Cambodia's best bank for microfinance 2019: ABA Bank
The Cambodian banking industry is saturated with names, but only a few sit in the top ranks, commanding most of the market. ABA Bank is the best among this group, boasting a strong foreign backer, an expanding reach and a digital dominance unparalleled in the sector.
The bank’s financials are impressive, particularly a 65% year-on-year growth in total assets in 2018. After trebling its assets over the last three years, it is the country’s third-largest bank. It nearly doubled its deposits and loan portfolio and reported a $71.8 million net profit for 2018, up 55% year on year.
It was also able to achieve a 28% return on equity, the best among Cambodia’s 43 commercial banks.
At the time of writing, ABA had $4.1 billion in assets, deposits of $3.3 billion and a $2.5 billion loan book.
While ABA is a domestic bank, it has a strong foreign influence. Its senior managers are largely from Kazakhstan and Uzbekistan, including Kazakh chief executive Askhat Azhikhanov. This is a legacy from when a group of central Asian bankers took over in 2009. It was a one-branch bank at the time.
The bank has since been bought by the National Bank of Canada, which completed its full acquisition in October 2019.
ABA has pursued rapid expansion, opening 15 new branches in 2018. That takes its total to 70, with 24 in Phnom Penh and 46 in the provinces. It has also extended business hours at its branches in Phnom Penh. Its 4,200-plus staff served 426,000 customers, almost double the customer base in 2017.
When it comes to lending, the bank’s customer base reflects Cambodia’s SME and micro-business dominated economy.

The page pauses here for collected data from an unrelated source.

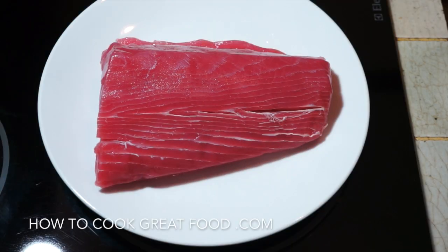Welcome back once again to howtocookgreatfood.com. If you haven't already, please click that button and subscribe to our channel.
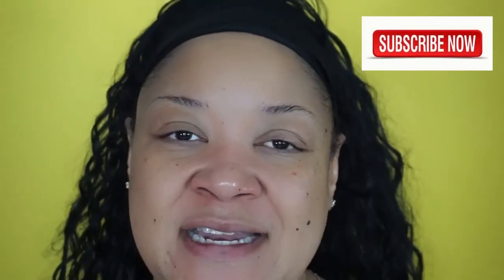Also remember, hit that subscribe button and click on that notification bell so that you don't miss any videos from me, and let's go ahead and get on into the video.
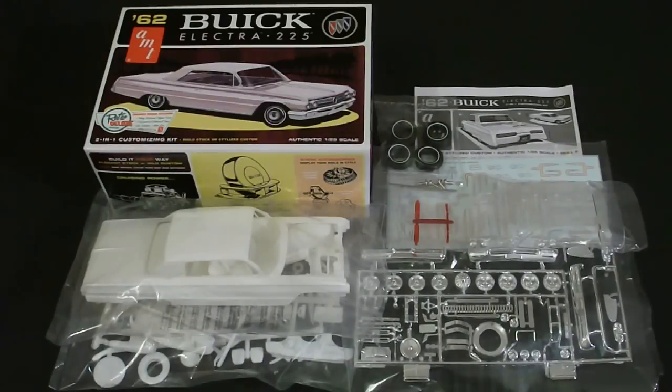Instructions look great, decals look great — overall, great kit. If you are looking for a Buick Electra, as far as I know this is about the only one that's made, so this is about your only option. The downside is only that a lot of stuff is molded together — the exhaust, suspension, all of that is molded into the chassis. So you're going to spend some time detailing. If you're a good painter you shouldn't have a problem with this, and if you're a beginner, still shouldn't have a problem — everything will go together well. Great kit. Thanks a lot for watching — comment, rate, subscribe, and I'll talk to you soon.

ABA’s central Asian leadership eschewed consumer lending from the start. The bank has stuck to that, focusing instead on providing loans to businesses contributing to the real economy. As a result, its loan portfolio is more than 90% SMEs, covering a diverse mix of industries, from manufacturing to agriculture and trade to services.
By client segment, the loan book is mainly micro-businesses. It serves the micro sector with specific products including its ‘Simple Loan’, of between $1,000 and $30,000 or the equivalent in riel, which is aimed at owners taking out a loan for the first time or those looking to refinance debt from a different lender. Approvals are made within a day.
ABA embraces digitalization more than any of its local peers. Digital banking is a leading part of its business and is based on its ABA Mobile app. Its e-cash feature, which enables card-less ATM withdrawals, was used 370,000 times in 2018. Other features include ABA Pay, for QR code and cashless payments, and e-commerce payments service PayWay. The bank is also targeting small business owners, with new digital services for invoices.
ABA developed its mobile app in-house and builds products for the platform, but unlike many peers it has opened the app to other financial technology service providers.
ABA continues to add its own features, recently adding a service for international money transfers, as well as a mobile loan feature, while it is also partnering with global payments platforms AliPay and UnionPay to enhance its QR-based payments system.
It has also launched a new corporate internet banking platform for its large international clients such as Coca-Cola and Manulife.
ABA is looking next at monetizing the vast amount of data it collects. In the first nine months of 2019 alone, the bank’s mobile app recorded 30 million transactions amounting to $24 billion.
The bank’s leading position in digital and mobile banking and strong growth across its businesses won it a positive outlook this year from S&P Global Ratings, which gives the bank a single B credit rating.